- DATA PROVIDED
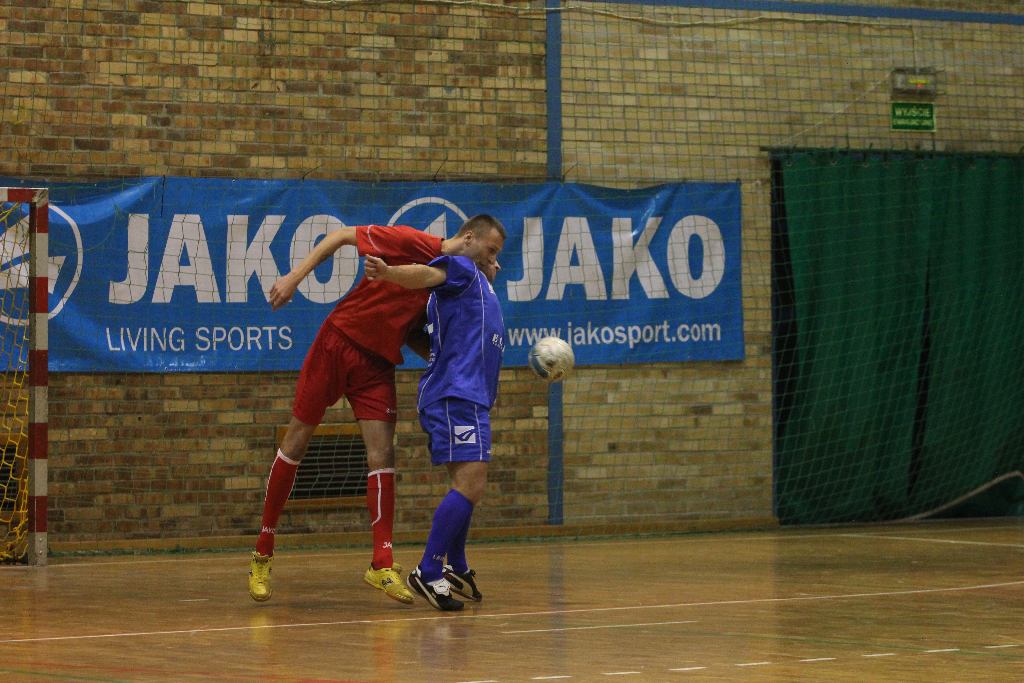 1. liga LLH JAKO Cup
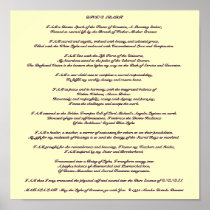 Divine Spark Meditation - Customised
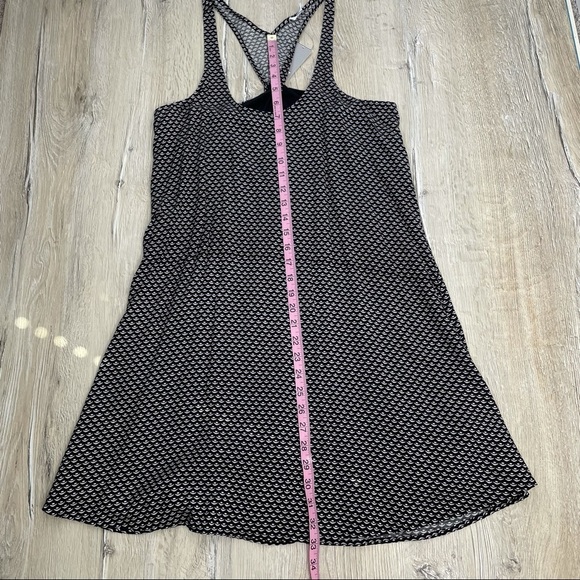 Splendid Twist Racerback Mini Dress - Picture 8 of 14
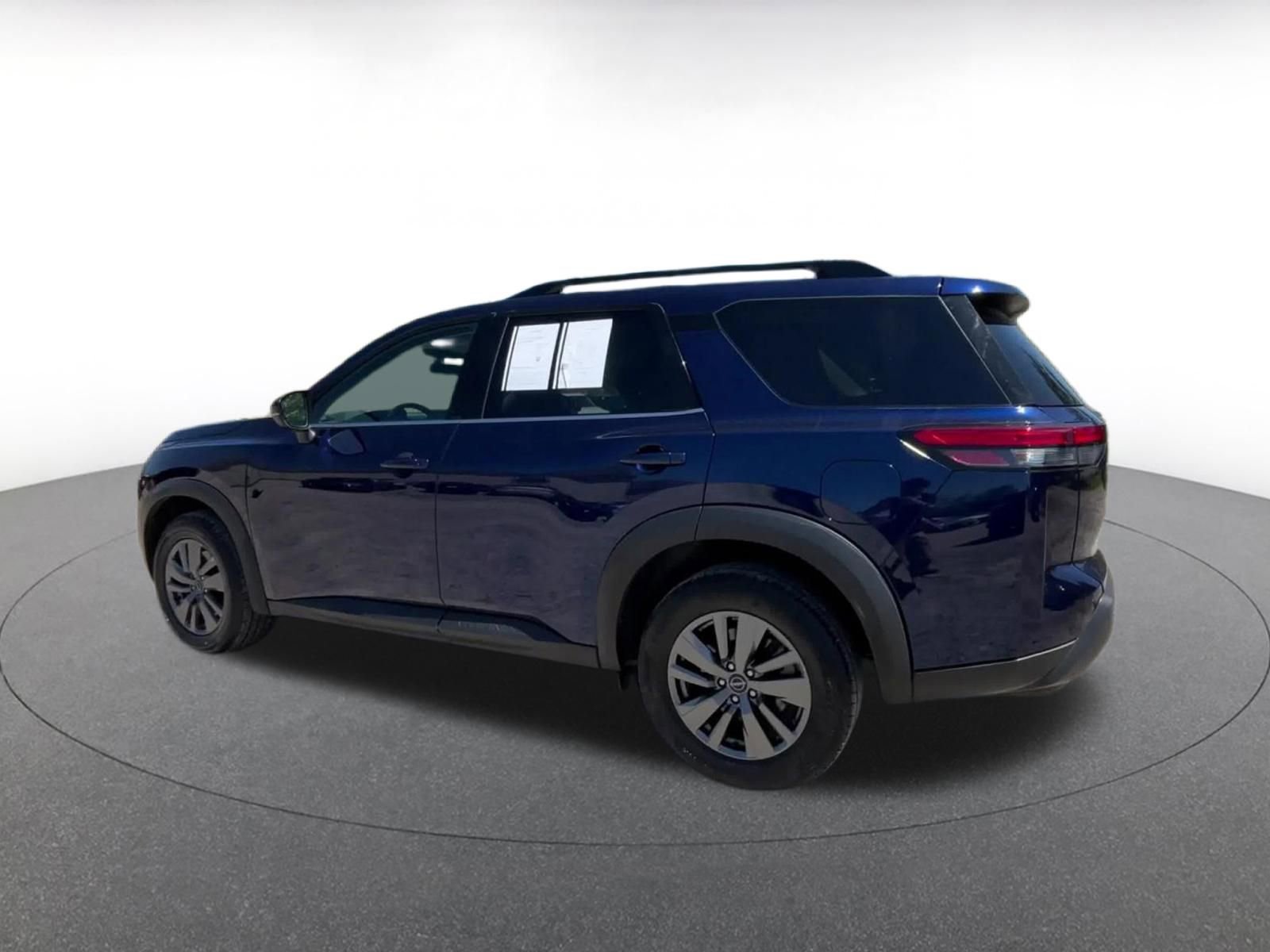 Thumbnail: 2025 Nissan Pathfinder - 10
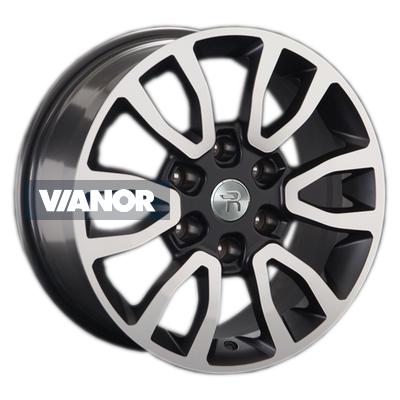 7,5x17/6x139,7 et25 d106,1 ty175 mbfp (пш, c570)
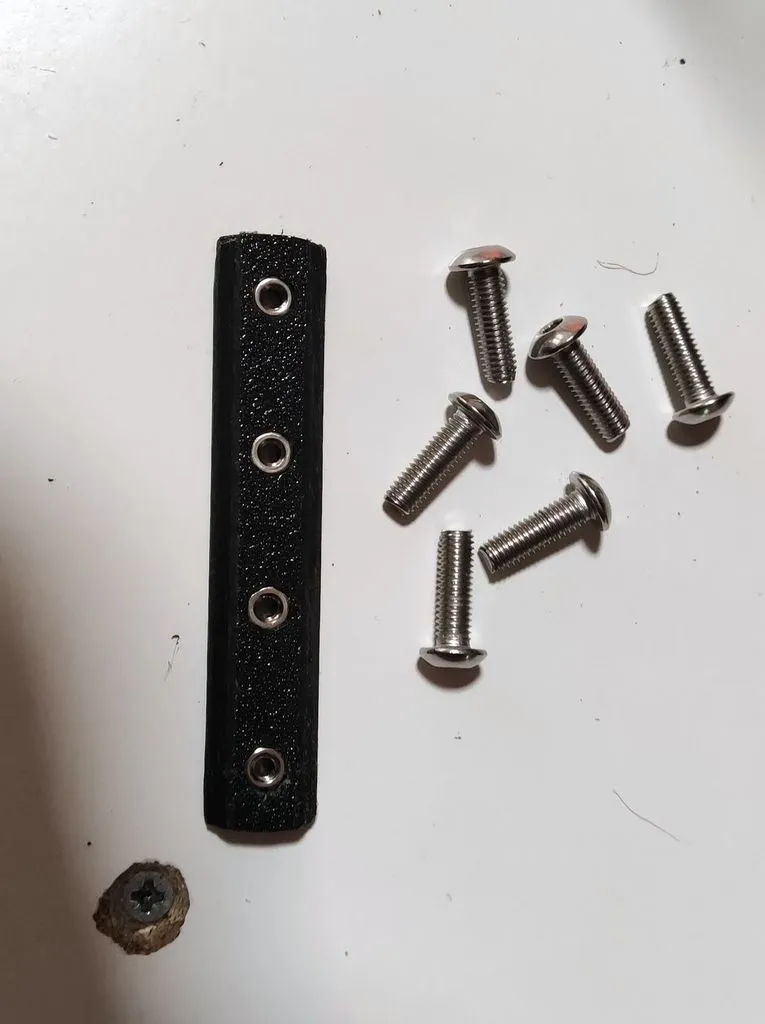 Hộp Fysect MK3_Scatola SM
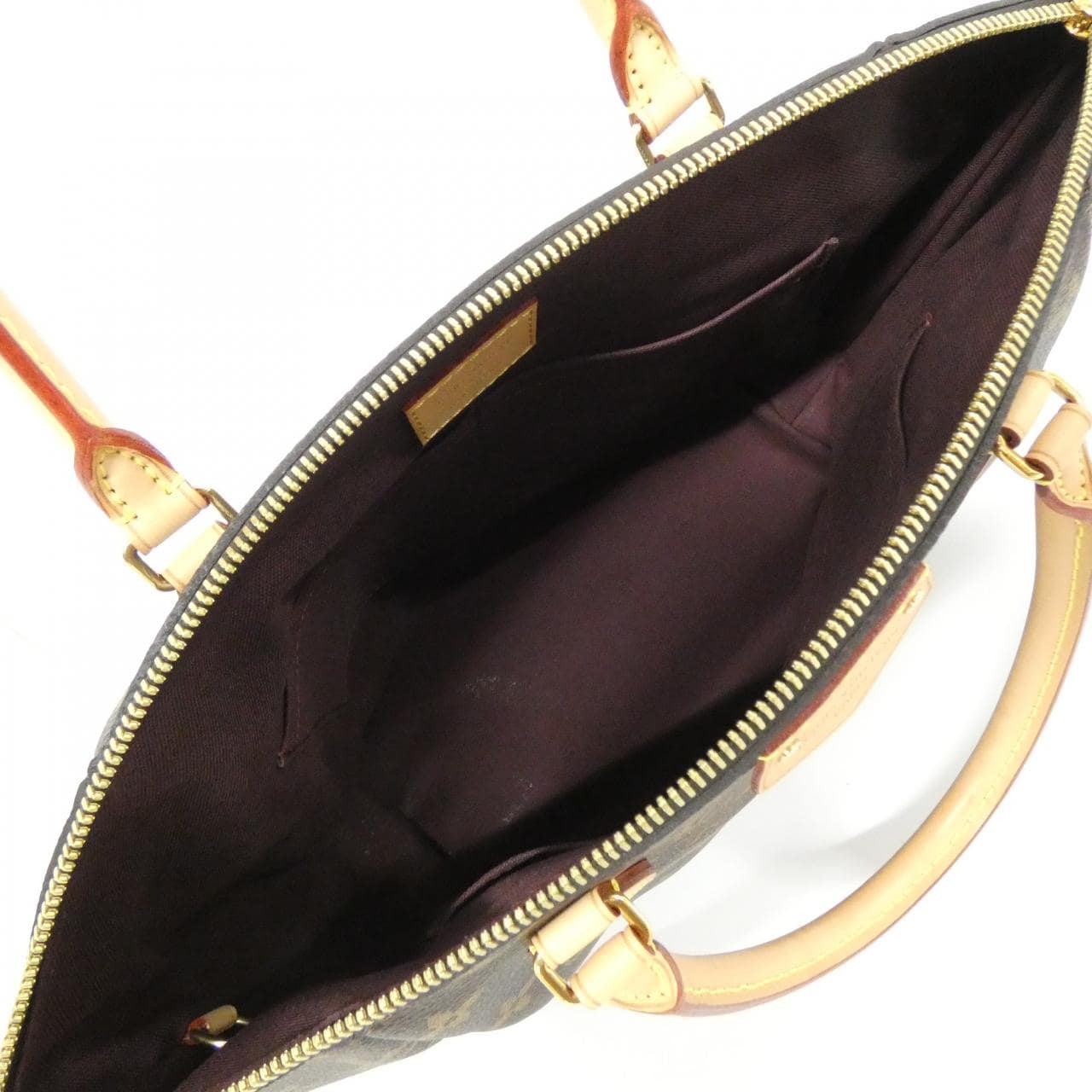 ルイヴィトン モノグラム テュレン MM M48814 バッグ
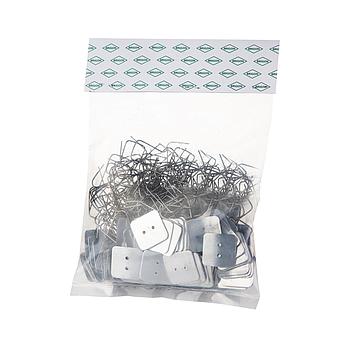 Prüflochverschluss mit Feder
100 Stück
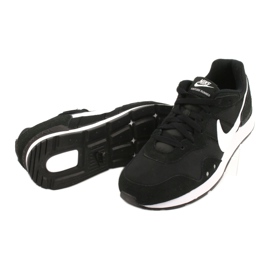 Buty Nike Venture Runner W CK2948-001 białe czarne 3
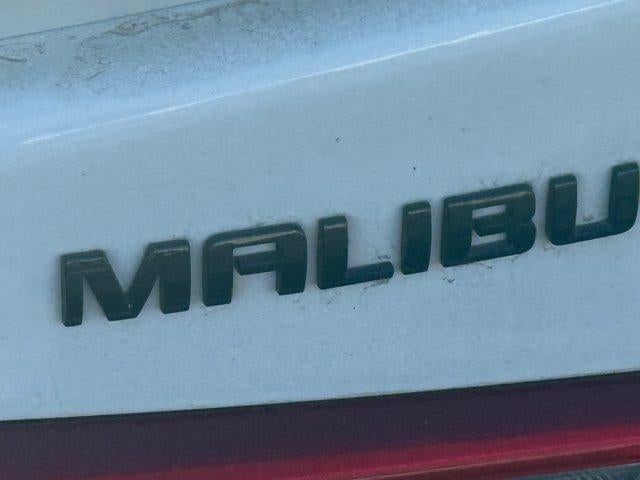 2020 Chevrolet Malibu RS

- TASK BRIEF
The records above need to be printed in full and exactly, without any of the pictures.

- SOLUTION
 1. liga LLH JAKO Cup
 Divine Spark Meditation - Customised
 Splendid Twist Racerback Mini Dress - Picture 8 of 14
 Thumbnail: 2025 Nissan Pathfinder - 10
 7,5x17/6x139,7 et25 d106,1 ty175 mbfp (пш, c570)
 Hộp Fysect MK3_Scatola SM
 ルイヴィトン モノグラム テュレン MM M48814 バッグ
 Prüflochverschluss mit Feder
100 Stück
 Buty Nike Venture Runner W CK2948-001 białe czarne 3
 2020 Chevrolet Malibu RS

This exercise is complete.